(What you need to do):
Among the entries below, one line contains "Angel Rifle Necklace - Rynor" and another contains "Umbrellas on the". Transcribe those two lines and every line between them, exactly.

(Provided entries):
-------------------------
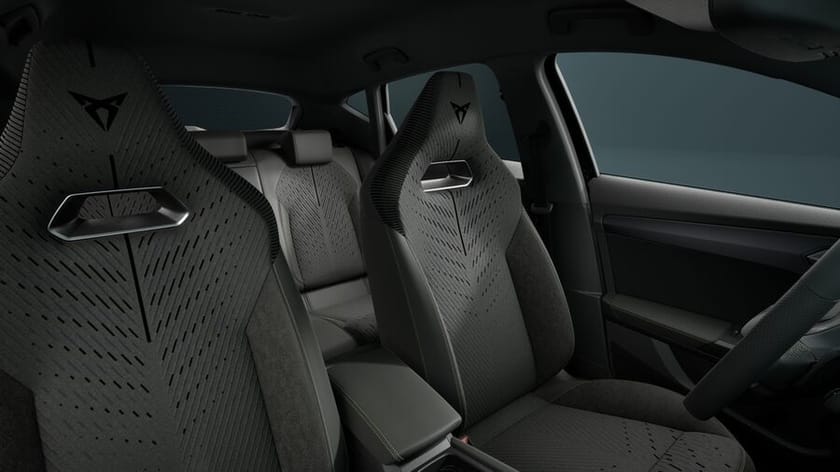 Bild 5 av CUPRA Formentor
-------------------------
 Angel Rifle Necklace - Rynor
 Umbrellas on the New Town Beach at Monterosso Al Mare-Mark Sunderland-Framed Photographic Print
-------------------------
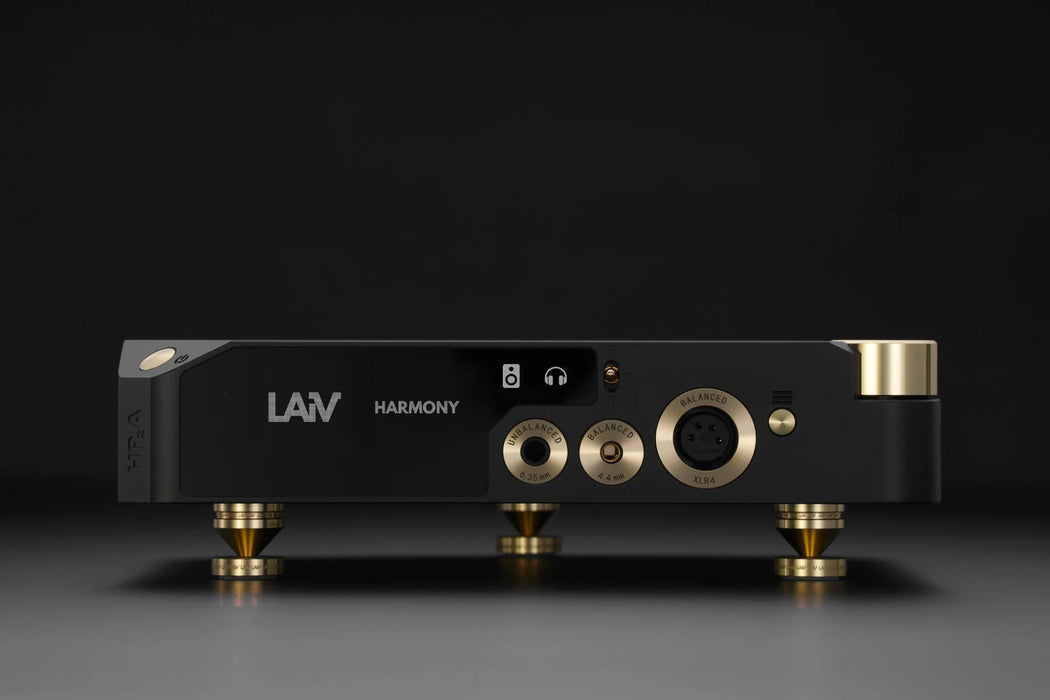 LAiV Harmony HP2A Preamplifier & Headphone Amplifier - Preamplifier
-------------------------
(Solution to this exercise):
 Angel Rifle Necklace - Rynor
 Umbrellas on the New Town Beach at Monterosso Al Mare-Mark Sunderland-Framed Photographic Print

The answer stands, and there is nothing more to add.